# Problems with two color plastisol print



## reactiongfx (Aug 13, 2015)

Hello...new to the forum, so a little background. My father has been running his own small screen printing business since the 70s. I've been in the sign industry for the past 15 years, and a few years ago I started up my own sign/graphics/screen printing business. My father mostly does simple, single color printing...doesn't do much mutil-color work, but my customers are younger and expect a bit more, so more complex multi-color work is going to make up a lot of my business. We have a four color manual carousel and a small Ranar belt dryer.
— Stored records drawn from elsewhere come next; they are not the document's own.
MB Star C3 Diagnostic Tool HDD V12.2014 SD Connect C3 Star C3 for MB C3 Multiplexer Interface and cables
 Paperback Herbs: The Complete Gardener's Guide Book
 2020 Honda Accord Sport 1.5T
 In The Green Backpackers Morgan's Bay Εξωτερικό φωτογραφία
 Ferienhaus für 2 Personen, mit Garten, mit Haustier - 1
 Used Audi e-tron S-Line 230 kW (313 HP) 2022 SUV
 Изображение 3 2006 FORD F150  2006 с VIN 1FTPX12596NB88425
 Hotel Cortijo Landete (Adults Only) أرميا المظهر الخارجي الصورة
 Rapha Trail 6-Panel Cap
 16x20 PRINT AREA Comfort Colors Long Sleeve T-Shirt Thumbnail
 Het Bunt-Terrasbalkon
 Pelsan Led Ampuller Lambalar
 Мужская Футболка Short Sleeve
We print with plastisol.

I'm currently doing a two-color job on 100% polyester shirts (Badger 4120 Core performance shirts). It is a white base with a black top color, flashed in between. I printed all of the backs just fine, but I'm having problems with the front heart print. It seems like the top color is "bleeding" on the edges and just not producing a crisp print. The white prints great and the black prints great by itself, but as soon as the black goes on top of the flashed white, it looks awful! My ink is from Catspit Productions, it is plastisol made by Ranar, I believe, but we also tried using my father's Union Ink with the same results. We also tried a print on a 50/50 shirt, again with the same results. We're both completely stumped. He says he's never seen anything like this in his almost 35 years printing shirts. We are using 110 mesh wood framed screens with Ulano EZ50 sheet emulsion stencils. One thing to note, the screen for the black is ever-so-slightly warped...not sure if that would make a difference. Any input anyone can share would be much appreciated. Mesh too coarse? Is the emulsion too thick? Too much or too little off-contact? ????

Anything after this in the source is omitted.